Zudem wird zu klären sein, ob gerade der Eigentumsverlust durch den Zuschlag sich als maßgeblicher Grund für die
behauptete Suizidgefahr erweist, oder ob diese vornehmlich auf eine bevorstehende Räumung des Anwesens und den
Verlust der Wohnung zurückzuführen ist (vgl. BGH NJW 2006, S. 505). Dabei wird das Landgericht neben dem
Umstand, dass es sich bei einer auf den Zuschlagsbeschluss zurückzuführenden Suizidgefahr um eine Ausnahme
handelt, auch in Betracht zu ziehen haben, dass die weiteren im Verlauf des zwischenzeitlich betriebenen
Räumungsvollstreckungsverfahrens von der Beschwerdeführerin vorgelegten fachärztlichen Bescheinigungen
maßgeblich auf die Räumung und nicht auf den Zuschlagsbeschluss als Ursache für die Gefährdung der
Beschwerdeführerin abstellen. Nur für den Fall, dass beide Fragen zugunsten der Beschwerdeführerin bejaht werden
können, hat sich im Hinblick auf die Zuschlagserteilung eine umfassende, am Grundsatz der Verhältnismäßigkeit
orientierte Würdigung der Gesamtumstände anzuschließen, die sowohl den dem Schuldner in der
Zwangsvollstreckung gewährleisteten Grundrechten als auch den gewichtigen, ebenfalls grundrechtlich geschützten
Interessen der anderen Beteiligten des Zwangsversteigerungsverfahrens Rechnung trägt (vgl.

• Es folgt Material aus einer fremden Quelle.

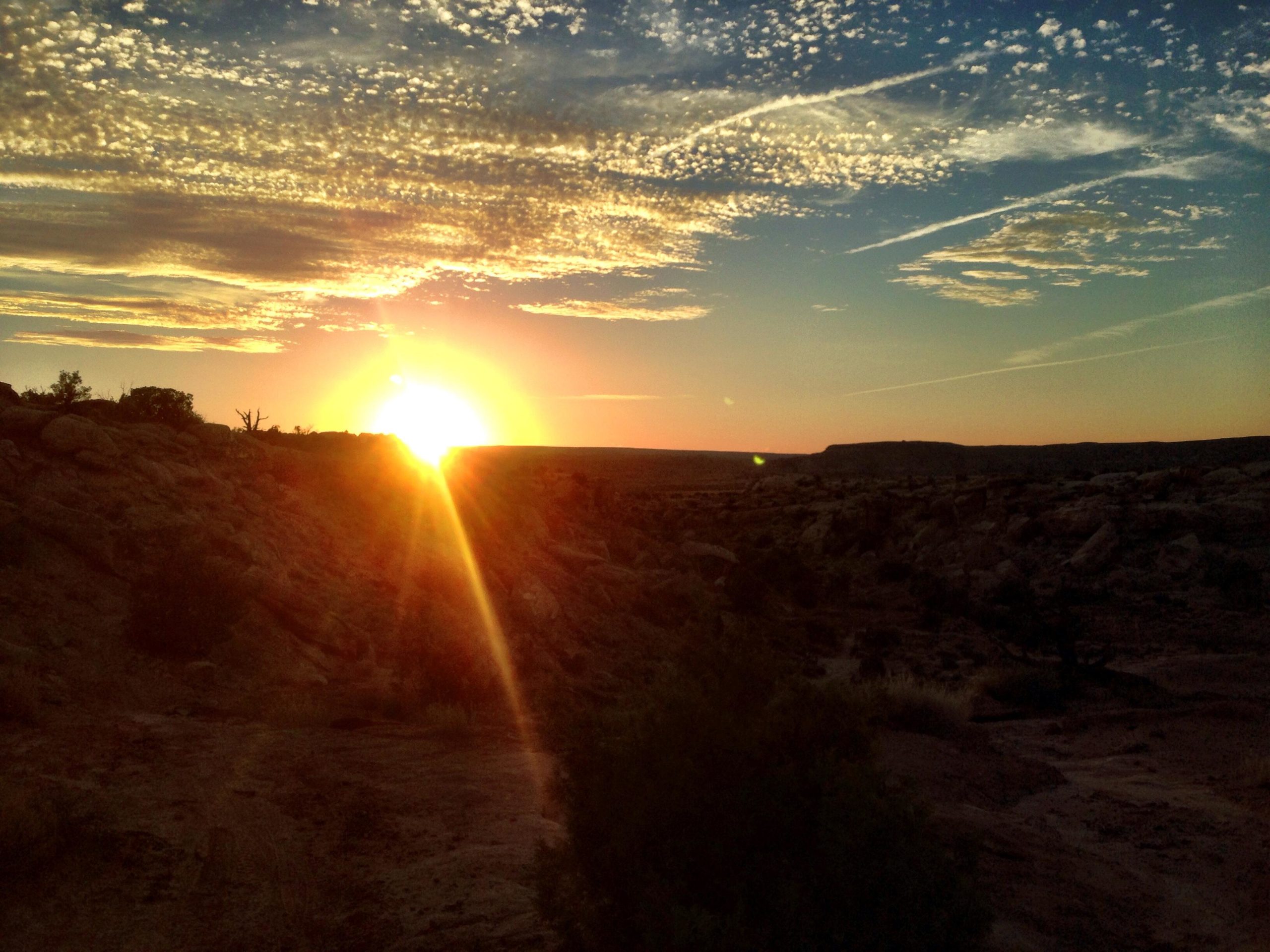 A stunning sunset over a desert landscape, with the sun low on the horizon casting warm golden light and creating a flare of sunlight. Fluffy clouds partially cover the sky, and the rocky terrain is dotted with sparse vegetation, enhancing the serene beauty of the scene. Sovereign Single Track mountain bike trail.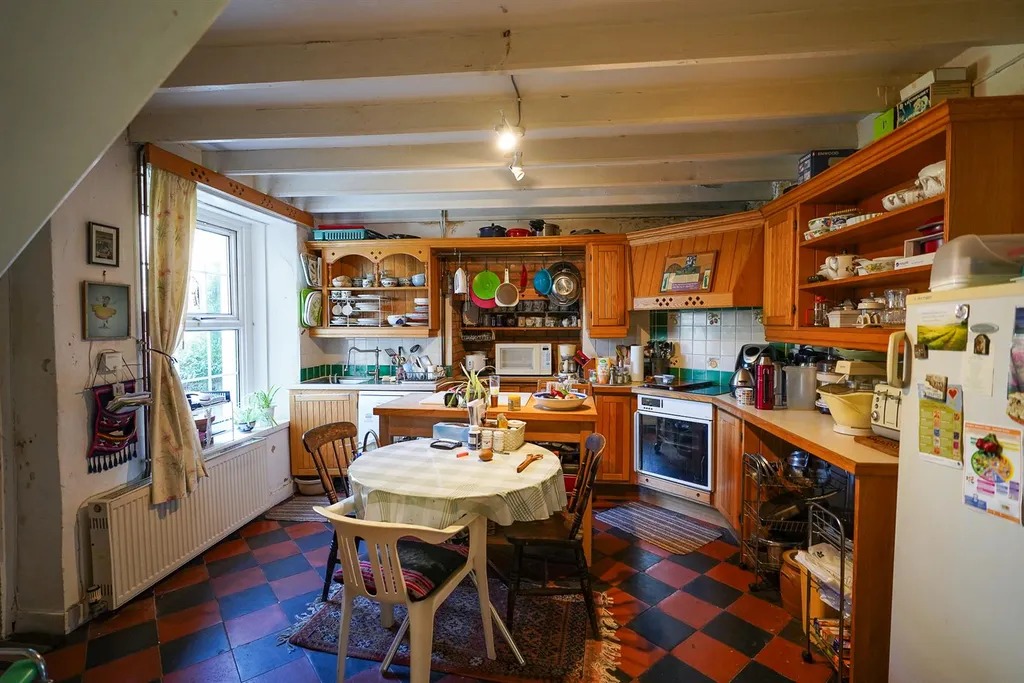 A pine kitchen with a round table and red and black quarry tiled floor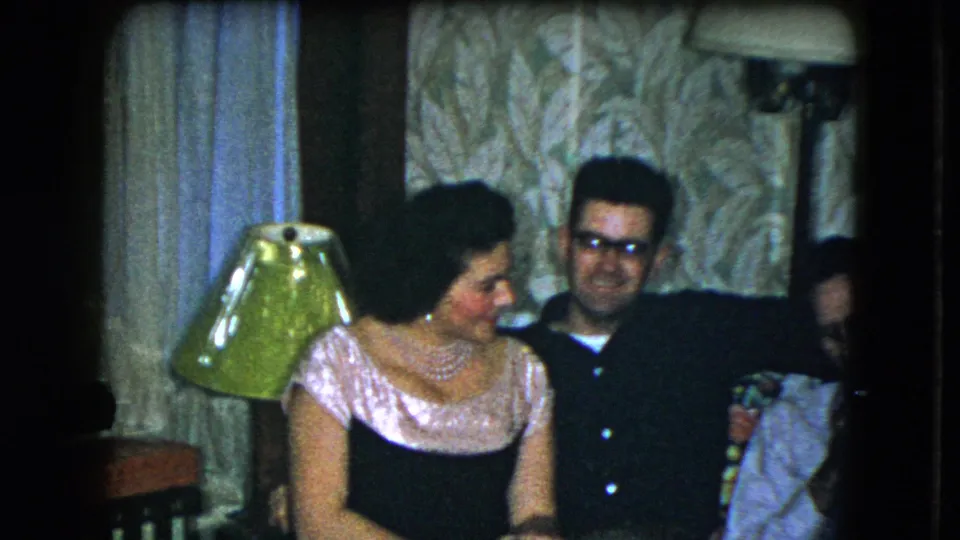 1951 Cleveland home-movie frame showing adults seated close together during a relaxed indoor celebration.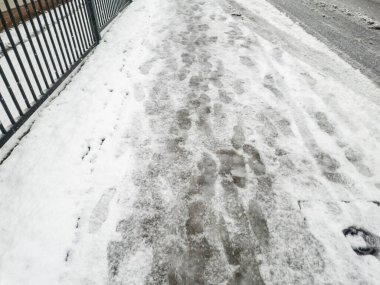 Soğuk bir kış gününde yürüyen buz ve insanların ayak izlerinin yer aldığı karlı kaldırım kentsel kış manzarasını ve havanın günlük hayata etkilerini vurguluyor..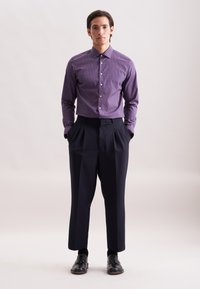 Camicia a righe viola, pantaloni scuri su misura e scarpe nere. La camicia presenta un design geometrico e bottoni sulla parte anteriore.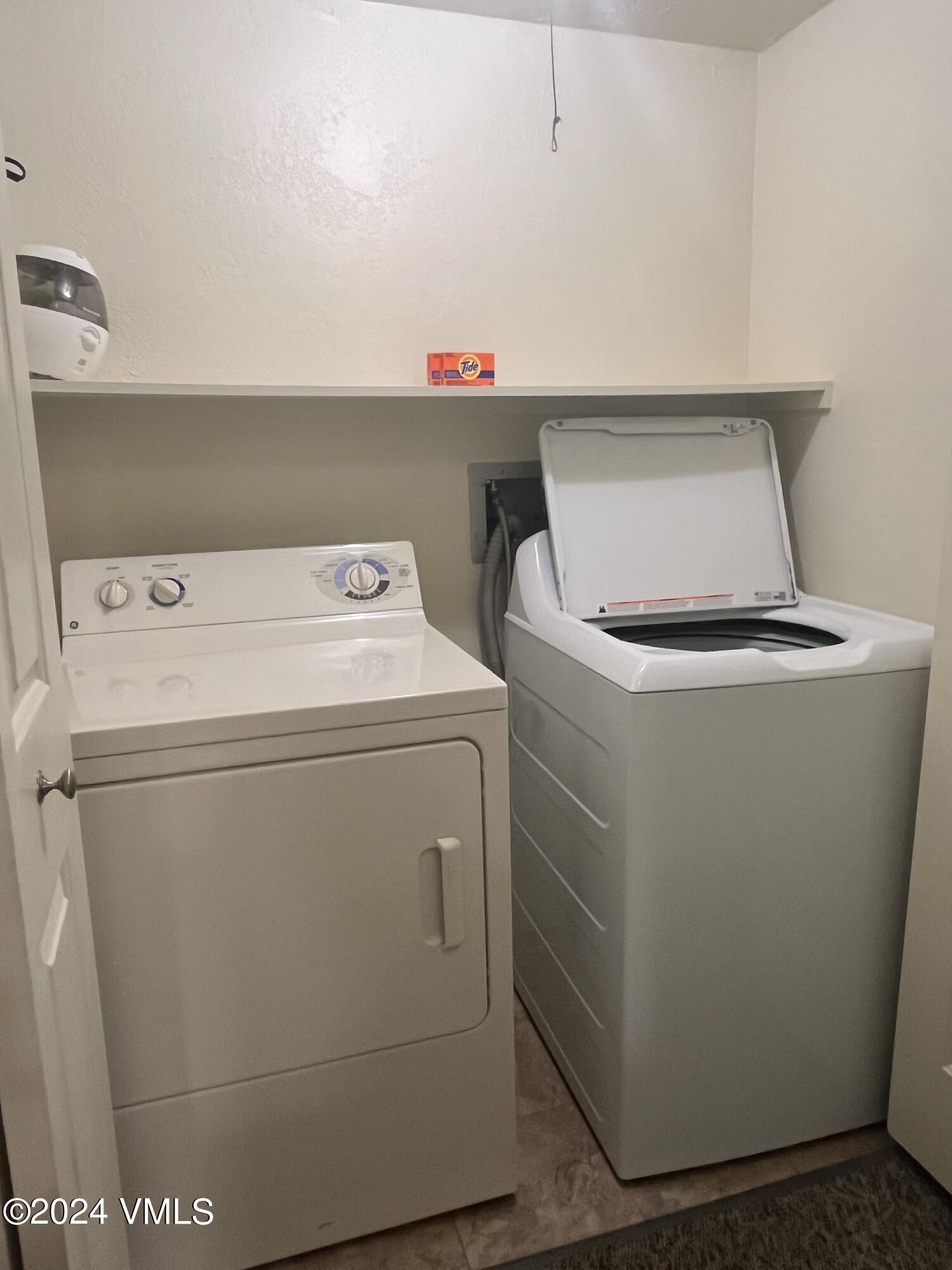1020 Vail View Drive, Unit 340846 Vail, CO 81657 - Photo 9 of 25 a utility room with dryer and washer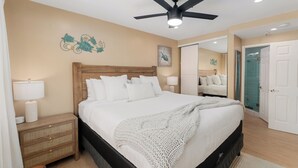 Un dormitorio con cama, mesitas de noche, ventilador de techo y baño visible a través de una puerta abierta.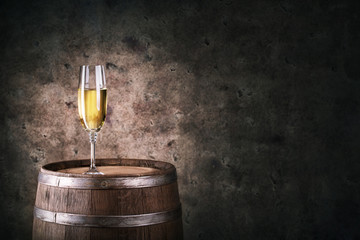 Glass of white wine on wooden barrel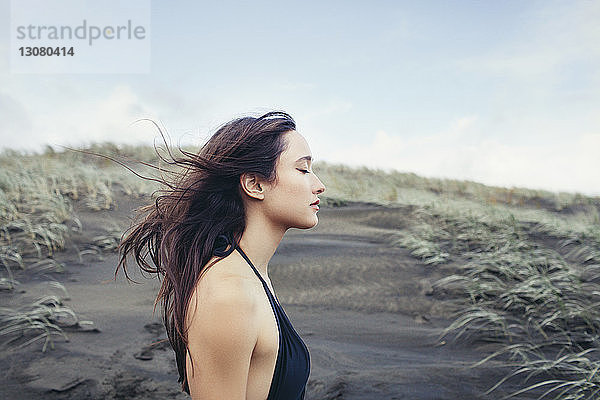 Seitenansicht einer Frau  die am Bethells Beach eine Brise gegen den Himmel genießt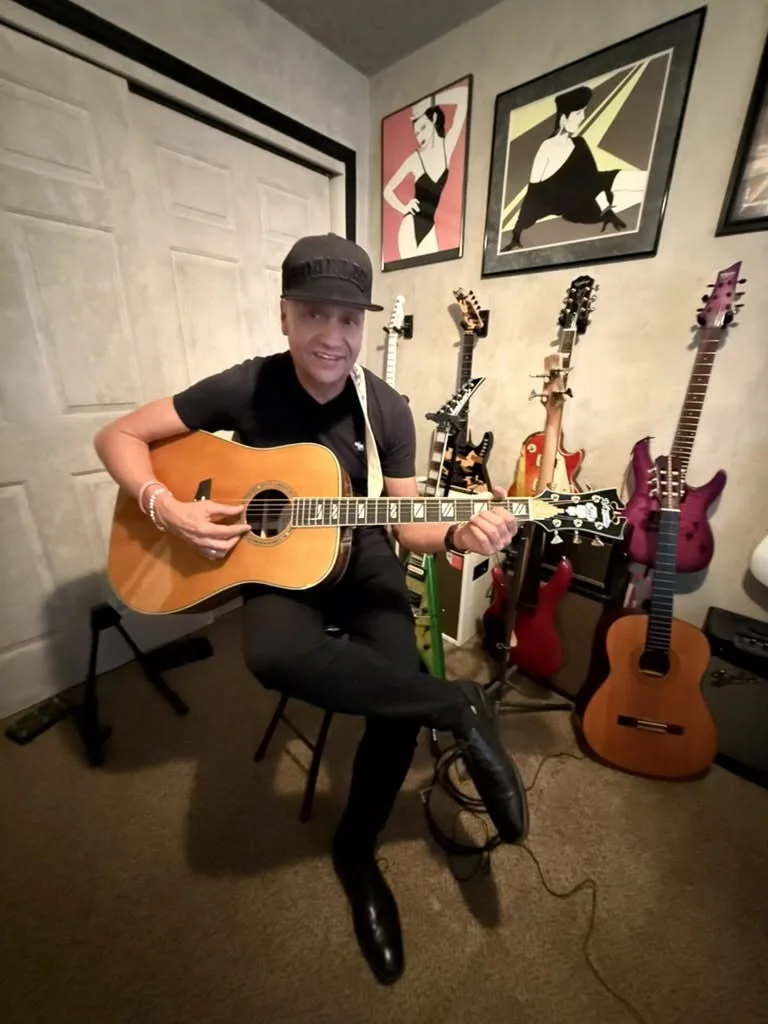 A guitarist in a black cap sits with an acoustic guitar in front of a wall of electric guitars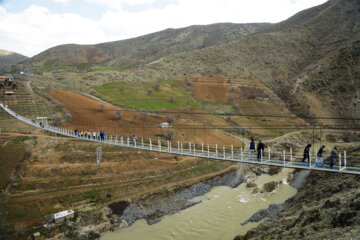 Tourists visiting Iran's largest glass suspension bridge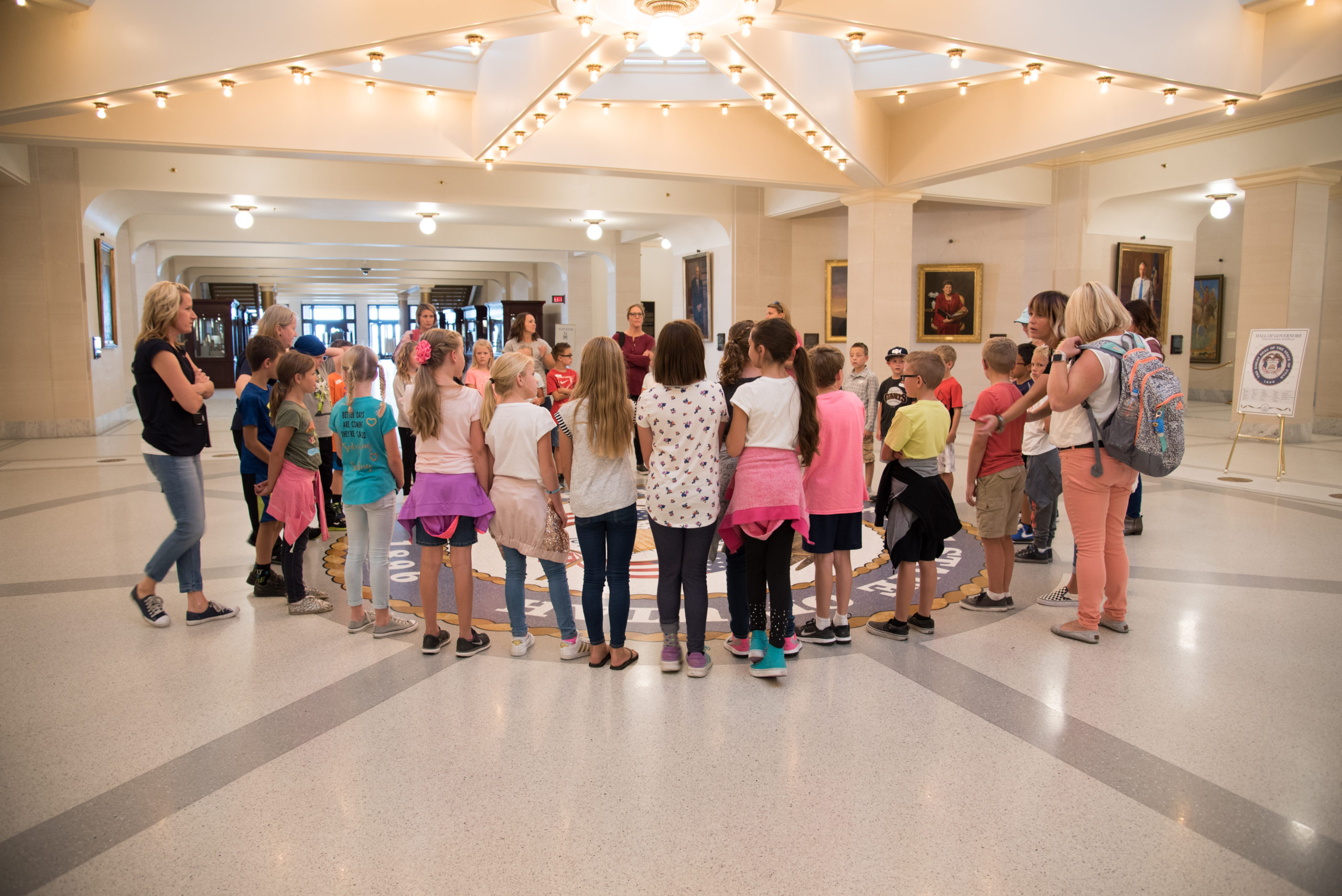 School age children on a guided tour in the Hall of Governors at the Utah State Capitol.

BVerfGE 52, 214
<219 f.>; BGHZ 163, 66; BGH NJW 2006, S. 508). Im Rahmen dieser gegebenenfalls vorzunehmenden Abwägung
wäre zugleich zu prüfen, ob der Gefahr nicht auf andere Weise als durch die Aufhebung des Zuschlagsbeschlusses
und eine vorübergehende Einstellung der Zwangsvollstreckung begegnet werden kann (vgl. BGHZ 163, 66 zu einer
durch Zwangsräumung hervorgerufenen Suizidgefahr).